WHAT THE EXERCISE ASKS — Reproduce the data below exactly. Skip the pictures.

DATA PROVIDED —
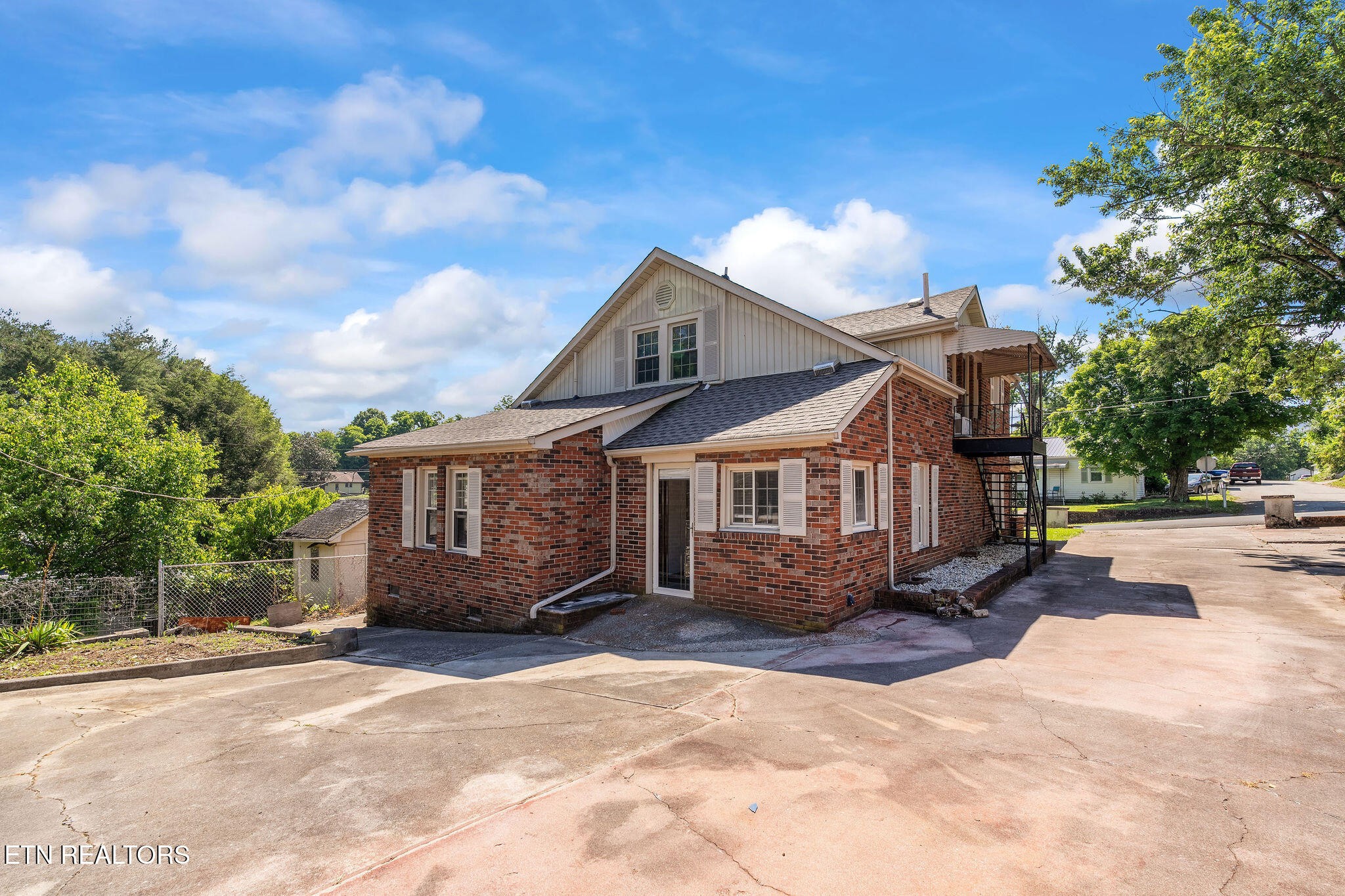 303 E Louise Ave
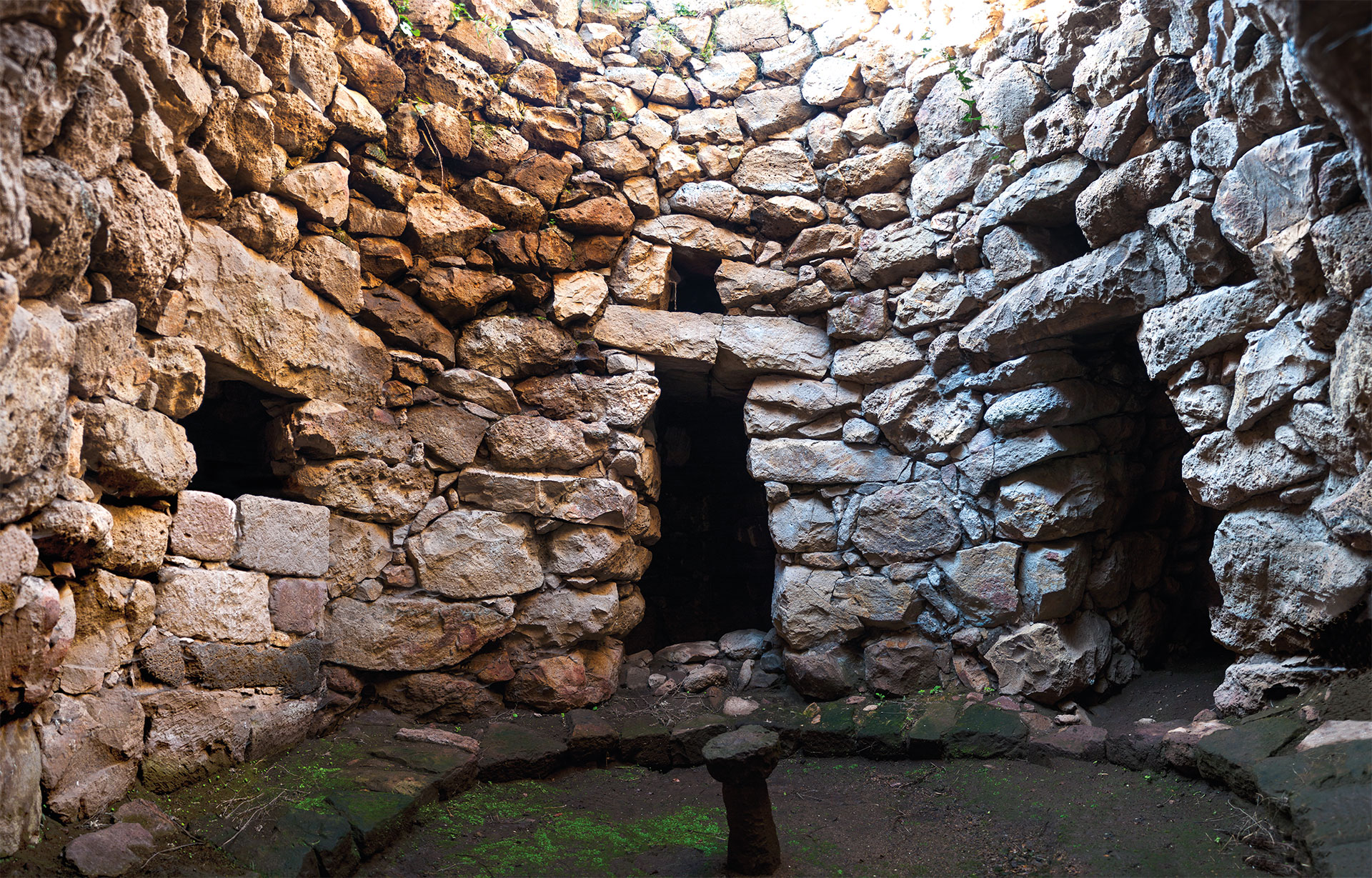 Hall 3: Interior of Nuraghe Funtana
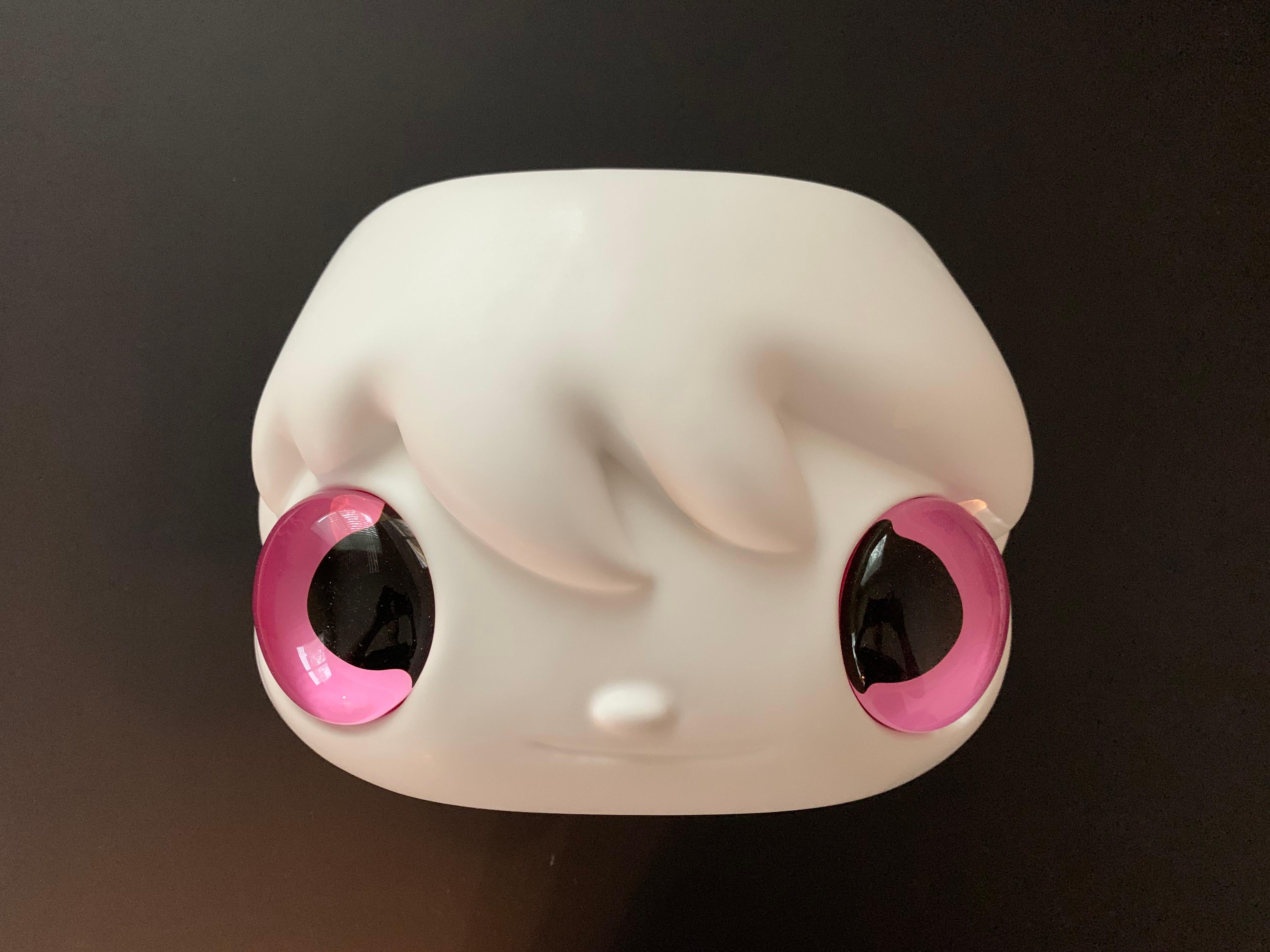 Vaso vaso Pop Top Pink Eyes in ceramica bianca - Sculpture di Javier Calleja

THE ANSWER —
 303 E Louise Ave
 Hall 3: Interior of Nuraghe Funtana
 Vaso vaso Pop Top Pink Eyes in ceramica bianca - Sculpture di Javier Calleja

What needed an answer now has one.